After the Rain (Logan)

Sometimes when I read a book that’s part of a series, I get the feeling that I’m dropping into a long-running relationship between the author and his previous readers. For example, I don’t think many people who pick up Reynolds’ Absolution Gap will find that it’s a satisfying read absent the knowledge of what happened in the first two books in that series.
Fortunately, Chuck Logan doesn’t have that problem. In After the Rain, he continues the relationship between his two primary characters from other books. Nina Pryce is a US Army officer and a member of SFOD-Delta (that’s just “Delta” to civilians), and her sometimes-estranged husband, Phil Broker, is an undercover cop. There’s a lot of history between them, or so we understand from their interplay in this book (I haven’t read any of Logan’s earlier books). Pryce is trying to penetrate what appears to be a terrorist plot in– get ready– North Dakota, and when she uses their 7-year-old daughter as an actress, Broker comes to town to pick her up. Of course, Broker ends up involved in the plot, which is reasonably twisty and turny. In the end, the bad guys fail, although not without cost to the good guys.

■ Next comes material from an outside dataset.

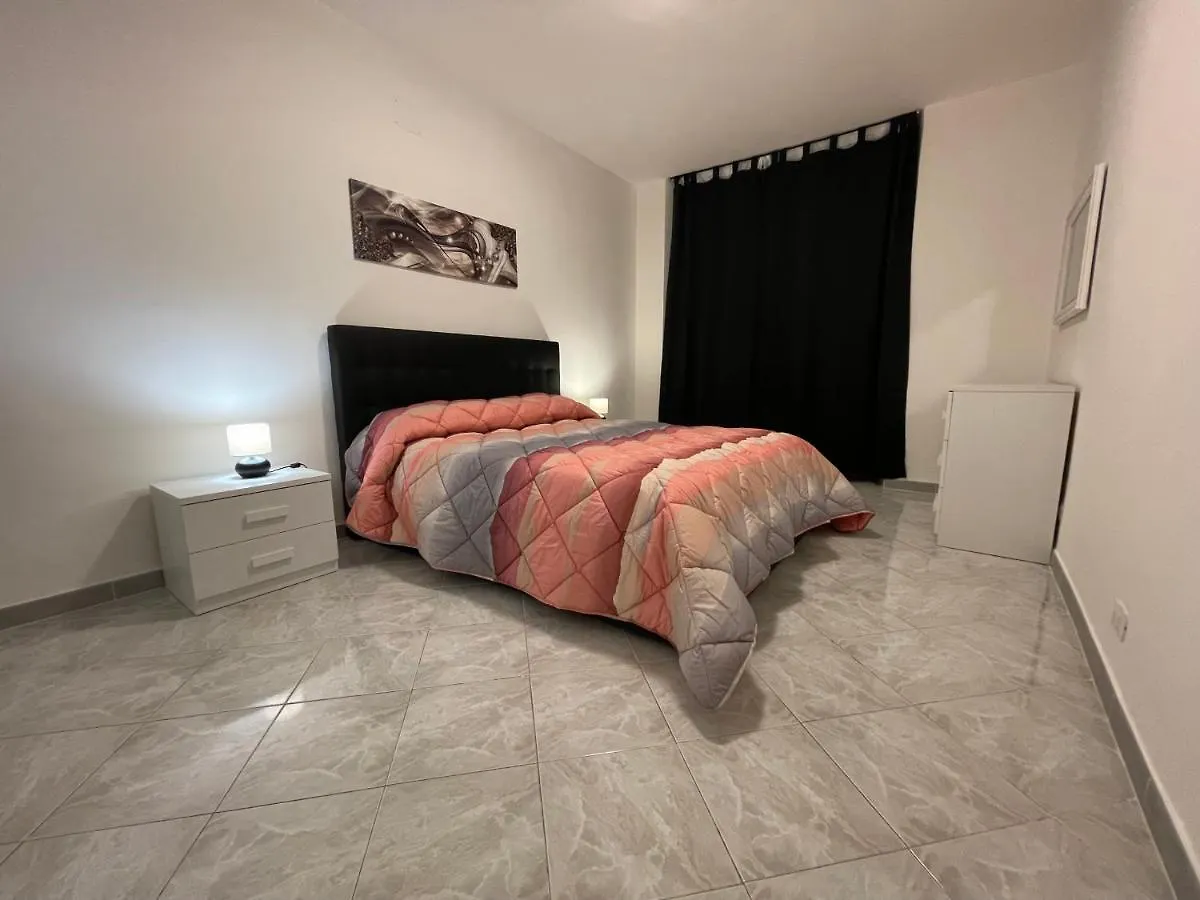 La Casa Di Silvy Apartment Genoa Italy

Logan’s strength in this book is its characterizations. Both Nina and Phil come off as real, multi-dimensional people: parents, lovers, and sheepdogs. Both of them have strengths and flaws in about equal measure, and the tumultuous nature of their relationships makes for some interesting interplay between them. I didn’t think the primary villain was nearly as well-defined, though– he was much more a cardboard bad guy from the psycho-killer bin at Characters-R-Us. The descriptions of the weather and terrain of a North Dakota summer are quite good, too, although not quite on a par with the lyricism of James Lee Burke or the noir of Barry Eisler.
Put it this way: I’ve already reserved Logan’s earlier Nina-and-Phil books from the library. I may or may not read them all, but I’m willing to give them a try.